5. Miyazu Japanese Gardens, Nelson
Like Osthmanthus, the Miyazu Garden celebrates Nelson's relationship with its Japanese sister city. As you wander the garden paths, take the stepping stones across the tranquil ponds, admire elderly bonsai trees and listen to the soothing sound of trickling bamboo spouts you’ll feel all of your tension melt away. Which is exactly what spending time in gardens is meant to do. The Miyazu Japanese Gardens are also right next door to a refreshing beer at Founders Brewery.
6. Glenfalloch Gardens, Otago Peninsula
These spectacular woodland gardens are found close to the city and there is a very good restaurant here as well.
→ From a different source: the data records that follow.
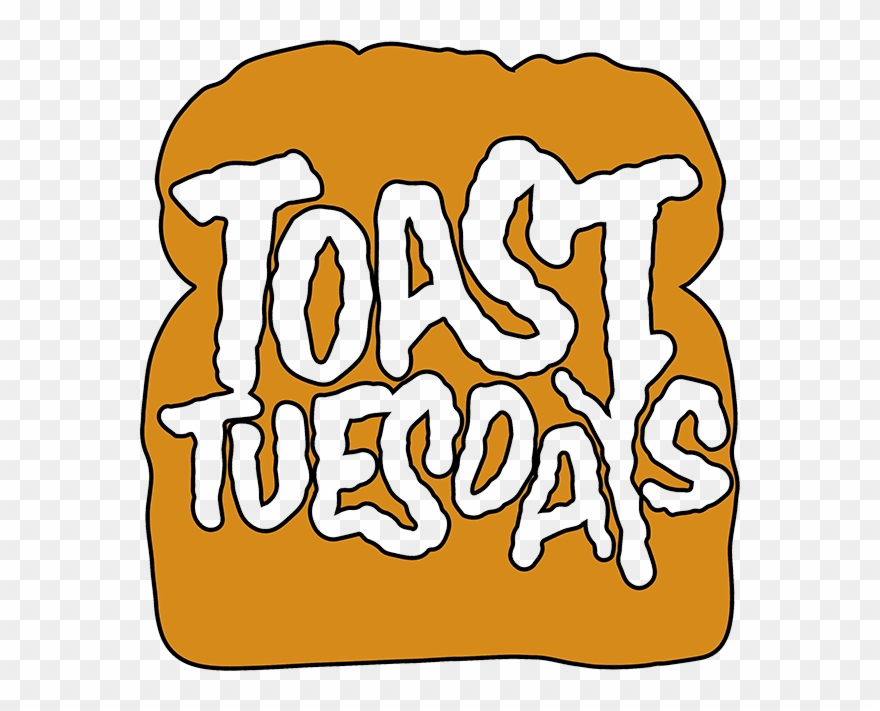 Toast Tuesdays Logo - Logo Clipart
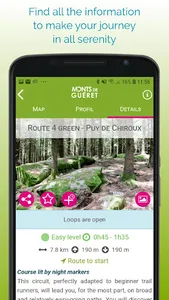 Sports Nature Monts de Guéret screenshot 2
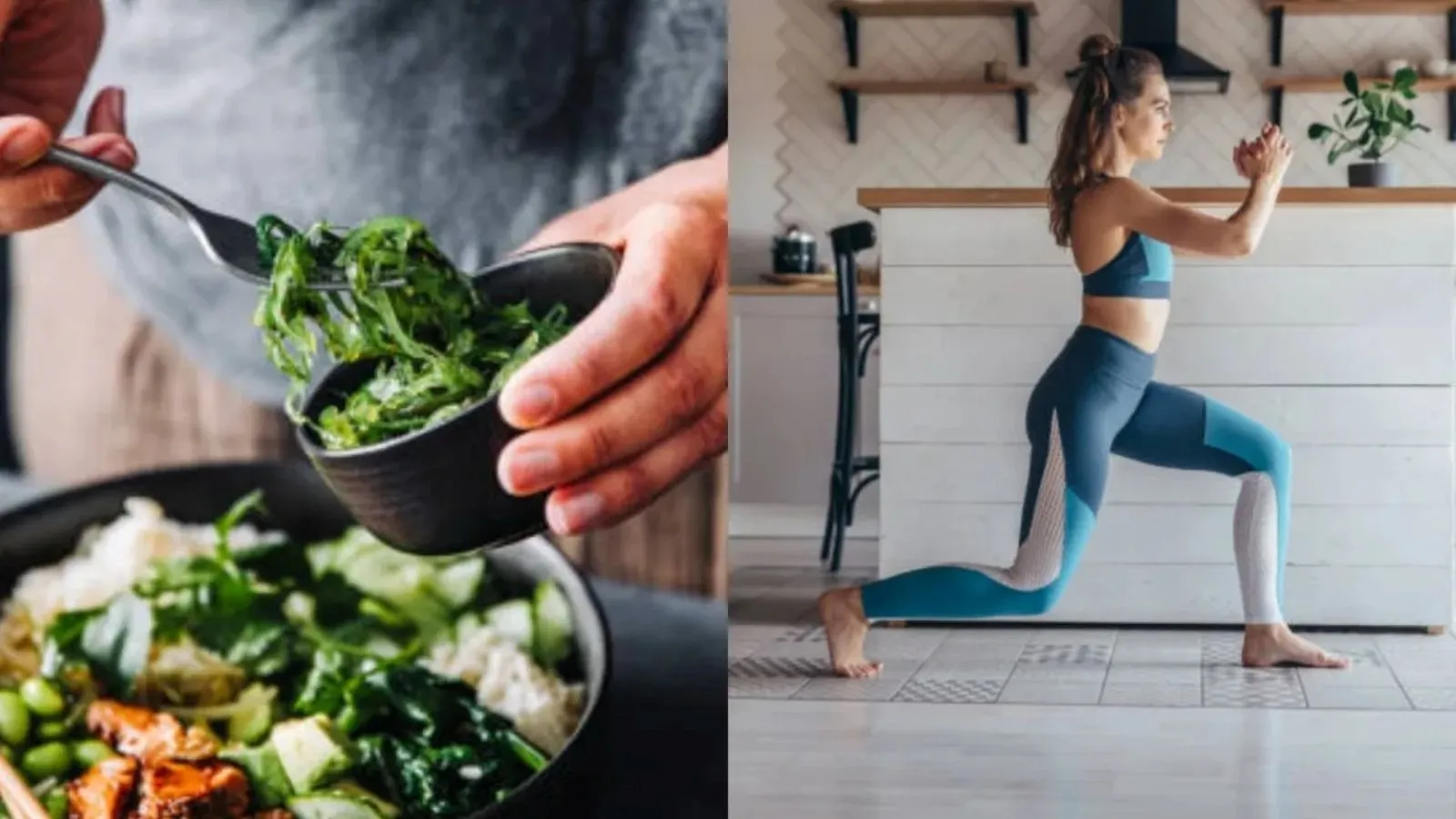 ways to lose weight at home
The Gardens rent out electric bikes, which are a great option for travelling the Peninsula. A visit here provides a great chance to tap into the Peninsula’s Scottish heritage, but the birdlife has a definite indigenous accent – tūī and bellbirds flock to the peaceful groves that crowd the tracks.
7. Eastwoodhill Arboretum, Eastland
Eastwoodhill Arboretum at Ngātapa has an outstanding collection of Northern Hemisphere trees, regarded as the largest and most comprehensive south of the equator. Planted by the eccentric Douglas Cook who used to wander around the property stark naked apart from gumboots and a sunhat, the arboretum encompasses over 131ha planted in exotic and native trees, shrubs and climbers. The arboretum is 30 minutes’ drive (34.5km) from Gisborne via the Wharekōpae Rd.
8. Queens Park, Invercargill
Handily situated in the heart of the city, Queens Park is considered a New Zealand Garden of National Significance. It incorporates around 80 hectares of gardens, wildlife displays and sports fields, as well as an 18-hole golf course, a bird aviary, a castle and a stumpery. And it’s free to visit.
9. Elms Homestead, Tauranga
Even people who have lived in Tauranga for years have never been to The Elms. This is the oldest European heritage site in the Bay of Plenty, with a historic home and beautiful gardens that make you feel as if you've stepped back in time to the early nineteenth century. There is a serenity about the place that is most welcome. Visiting the nearby Mission Cemetery, the oldest European burial ground in the Bay, located on a rocky promontory overlooking the harbour, brings a similar peaceful feeling.
10. Hamilton Gardens
Perhaps the city's most popular drawcard to out of towners, the Hamilton Gardens is also a well-loved spot for locals, especially on a gloriously sunny Waikato day. Note, on this kind of day you will almost certainly be able to enjoy watching bridal parties come and go in a constant stream. This place is free to visit and why wouldn’t you? It won the title of International Garden of the Year in 2014 and it is seriously magnificent. The Hamilton Gardens are also home to summer events, including a food market held every Sunday night from October through to March.
11. Pukekura Park, Taranaki
Pukekura Park is all you'd expect and more. First opened as a sports venue in 1876 it’s grown to a 52-hectare gem in the heart of New Plymouth. From the moment you pass through its massive art deco-inspired Sanders Gate you enter a world with something for everyone. There’s a famed sports ground with grassed terraces, children’s play areas, numerous glades and lakeside bush walkways as well as the internationally-acclaimed fernery and gardens.